Week 44 (October 29 – November 4) – Frightening: Do you have an ancestor who did something frightening or lived through a scary event? Do you have your own ghost story in the family? Now is the perfect time to share!

There are several frightening events that my ancestors lived through. The Salem Witch Trials involved several members of my 9th Great Grandfather’s family, Edward Bishop ; my 10th Great grandfather, William Vinson ; my 11th Great grandfather, Job Tyler and his family; Hannah Bradford Ripley , my 7th Great grandmother; and my 10th Great grandfather, Henry Kinne.
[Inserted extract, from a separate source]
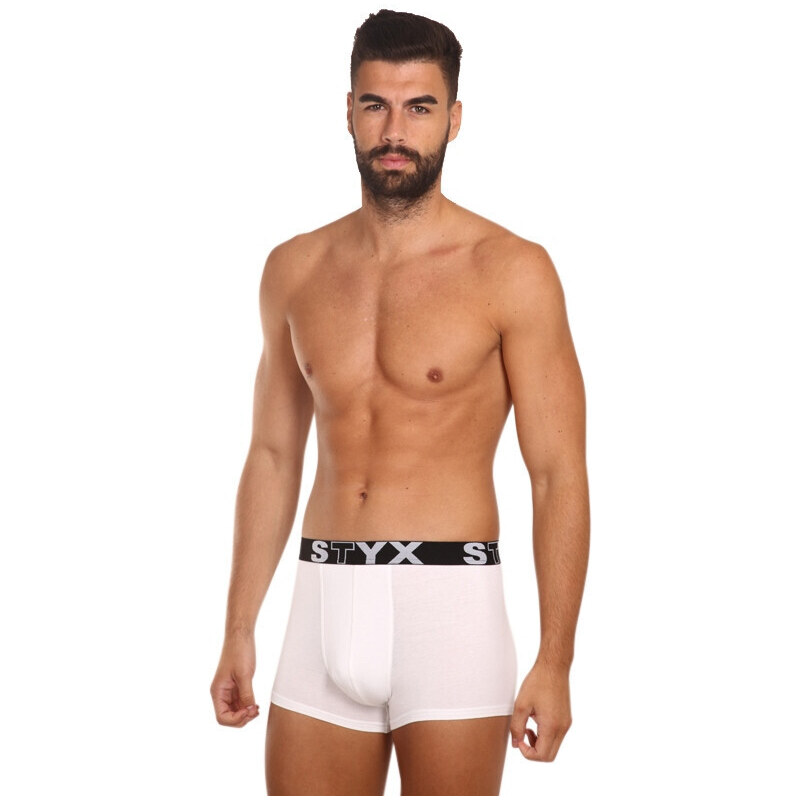 3PACK pánské boxerky Styx sportovní guma bílé (3G1061)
Joel Day & Catherine Richardson lost most of their children in the diptheria epidemic of 1864. There is nothing more terrifying than losing a child, and they lost seven in thirty-four days.

My great-great-grandmother, Carrie Hawkins Roberts was raised by her grandparents – and lost her mother, stepfather and baby brother in a house fire in 1883.

My grandparents, Helen Reynolds and Edward Graff, lost their first two children in a house fire while Helen was pregnant with my mother.

Zoeth Howland, my 8th great-grandfather, was a rebellious Quaker who was killed by Pocasset indians in Rhode Island by a river on his way home from a meeting.

So yes, quite a few frightening or scary things happened in my family.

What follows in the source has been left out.